Building DAGs

This guide explains how to create and organize Directed Acyclic Graphs (DAGs) in Cyclonetix. A DAG is a collection of tasks with dependencies that form a workflow.

DAG Definition

In Cyclonetix, you can define DAGs explicitly using YAML files. Here’s the basic structure:

id: "dag_id"                     # Unique identifier for the DAG
name: "Human-readable name"      # Display name
description: "DAG description"   # Optional description
tasks:                           # List of tasks to include
  - id: "task_1"
  - id: "task_2"
  - id: "task_3"
tags: ["tag1", "tag2"]           # Optional categorization tags

DAG File Organization

DAG definitions are typically stored in the data/dags directory:

data/
└── dags/
    ├── etl_pipeline.yaml
    ├── ml_training.yaml
    └── model_deployment.yaml

Including Tasks in a DAG

The tasks section lists all tasks that should be included in the DAG:

tasks:
  - id: "data_extraction"
  - id: "data_transformation"
  - id: "data_loading"
  - id: "data_validation"

Each task in the list must have a corresponding task definition file in the tasks directory.

Task Dependencies

When you include tasks in a DAG, Cyclonetix automatically respects the dependencies defined in each task. You don’t need to redefine the dependencies in the DAG file.
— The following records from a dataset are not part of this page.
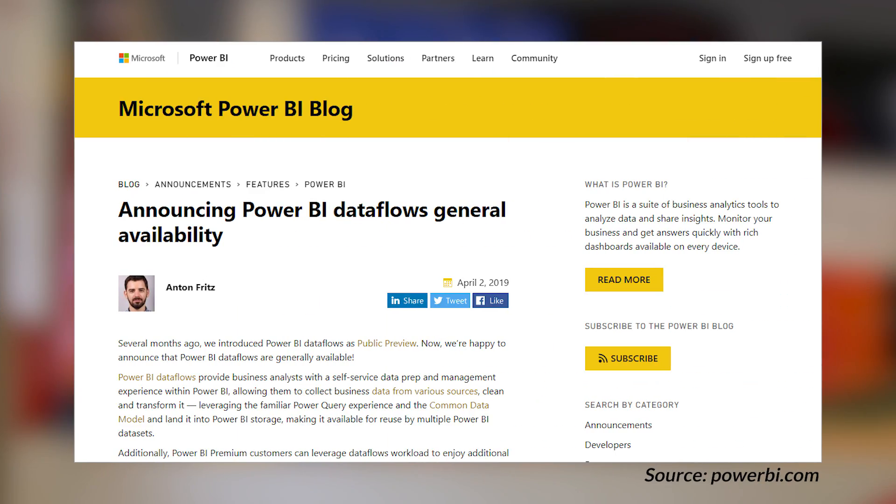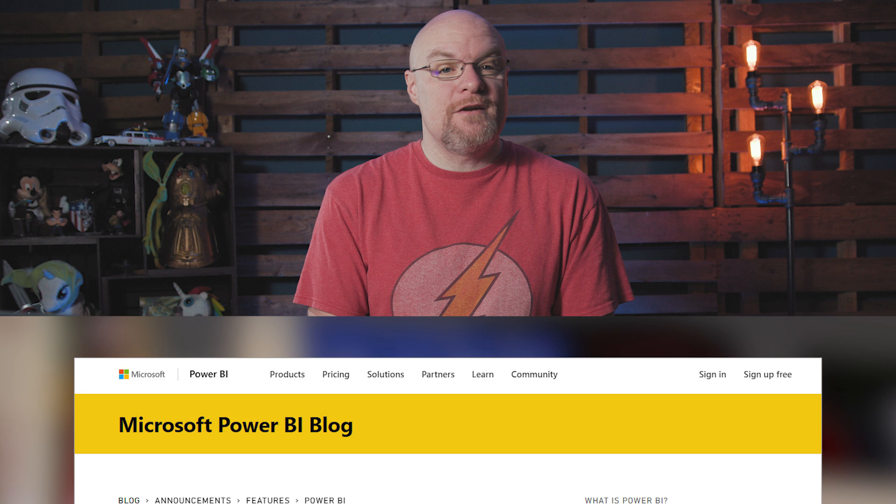Data flows are now GA. With the GA, there are a couple of things that come with it. You can now get email notifications on scheduled refresh failures. You can also take ownership of data flows. Before GA, if I created a data flow and you tried to edit it or set up a scheduled refresh or do something with it, you would get a message saying you weren't the owner of the data flow. Now you can take ownership and do what you need to do.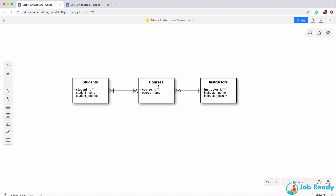The students table should not contain any course information, and the courses table should not contain any student information. Each row in the courses table is uniquely identified by the course ID — how could you have a student name there? That wouldn't make sense. Same thing for students: student name and student address belong in the students table, not course data. These are three different tables.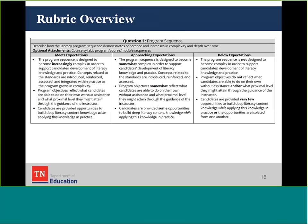Each question will be reviewed using the rubric, and a question response can fall in the below, approaching, or meets expectation rating category. The rubric is also helpful for referencing attachment guidelines. For question one, for example, EPPs can choose to include optional attachments such as core syllabi or program course sequences, but the primary weight will fall within the narrative response.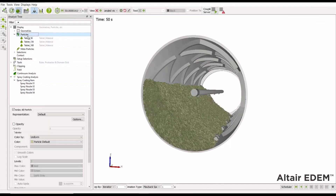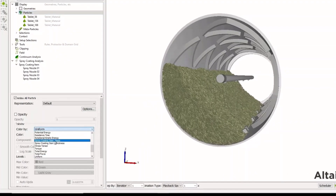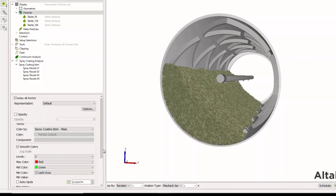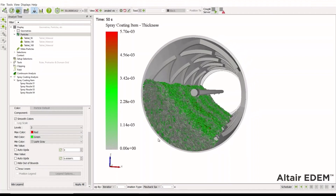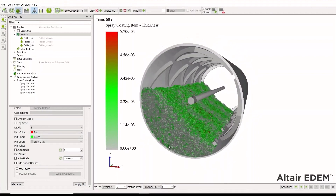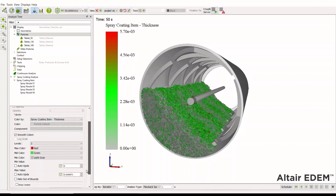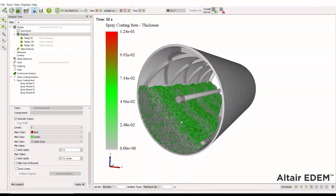Going back to the analyst and to our particles, we can display the coating on the particles. There are new parameters written to the model: coating mass and coating thickness. Choosing auto-update for minimum and maximum values, we can see the different spray areas, the influence of them, and the mass of the coating in those areas. Displaying the thickness shows a very similar distribution as well.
For example, if data_transformation depends on data_extraction in their task definitions, this dependency will be automatically respected when you include both tasks in your DAG.

Parameter Overrides

You can override default task parameters at the DAG level:

tasks:
  - id: "data_extraction"
    parameters:
      source: "production_db"
      limit: 1000
  - id: "data_transformation"
    parameters:
      mode: "full"

These overrides take precedence over the default values defined in task files.

Context Assignment

You can assign a specific context to a DAG:

id: "etl_pipeline"
name: "ETL Pipeline"
context: "production"
tasks:
  - id: "data_extraction"
  - id: "data_transformation"
  - id: "data_loading"

The specified context will be used for all tasks in the DAG, providing shared environment variables and configuration.

Scheduling Configuration

DAGs can include scheduling information:

id: "daily_report"
name: "Daily Reporting Pipeline"
schedule:
  cron: "0 5 * * *"        # Run daily at 5:00 AM
  timezone: "UTC"
  catchup: false           # Don't run missed executions
tasks:
  - id: "generate_report"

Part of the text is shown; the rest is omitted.